[Action item] Write each line out a second time, exactly as shown below.

━━━━━ Input records ━━━━━

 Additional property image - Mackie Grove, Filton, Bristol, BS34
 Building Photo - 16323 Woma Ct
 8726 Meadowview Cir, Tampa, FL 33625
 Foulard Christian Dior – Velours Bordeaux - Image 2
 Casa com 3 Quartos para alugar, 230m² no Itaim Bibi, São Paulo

━━━━━

[Reply]
 Additional property image - Mackie Grove, Filton, Bristol, BS34
 Building Photo - 16323 Woma Ct
 8726 Meadowview Cir, Tampa, FL 33625
 Foulard Christian Dior – Velours Bordeaux - Image 2
 Casa com 3 Quartos para alugar, 230m² no Itaim Bibi, São Paulo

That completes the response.